Closed Theodlz closed 1 month ago
@nabeelre just so you know that issue is being addressed.
we might want to keep using a shorter timeout though (maybe 10 s) to try to minimize these concurrently issues when 2 alerts are being triggered on at once (for the same object).
create a no-retry version of the api_skyportal method, to avoid running into concurrency issues when the session retries sending a request to SkyPortal (because it took longer than the specified time out to respond to the client) when the initial one is still being processed.

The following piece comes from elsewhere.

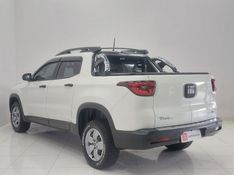 Fiat TORO 1.8 16V EVO FLEX FREEDOM AT6 2016/2017 BETIOLO NOVOS E SEMINOVOS LAJEADO / Carros no Vale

This is fine and can safely happen for pretty much everything, except follow-up requests.
If we tell SkyPortal to trigger an instrument, after 5 seconds without a response (the default timeout) decide to resent that request but SkyPortal was almost done (and is still) processing it, we might end up sending 2 requests at the same time and creating duplication issues.
With this PR, we can use much longer timeouts (here we try 30 seconds) while avoiding any retries when sending a follow-up request.
PS: We can still run into a concurrency issue of course (where 2 alerts of the same object get processed at the same time, and worker B tries to trigger on alert 2 at the same time as Worker A is triggering on alert 1) and we already have logic in SkyPortal to avoid that, but if the distant server SkyPortal is sending the request to is taking too long is becomes a risk. In a future set of SkyPortal+Kowalski+Fritz PRs, we can consider posting the request in the DB in a "processing" state as soon as possible so that even before we start waiting for a distance server to answer, other processed can know that we are actively trying to send an identical request and they should cancel sending anything.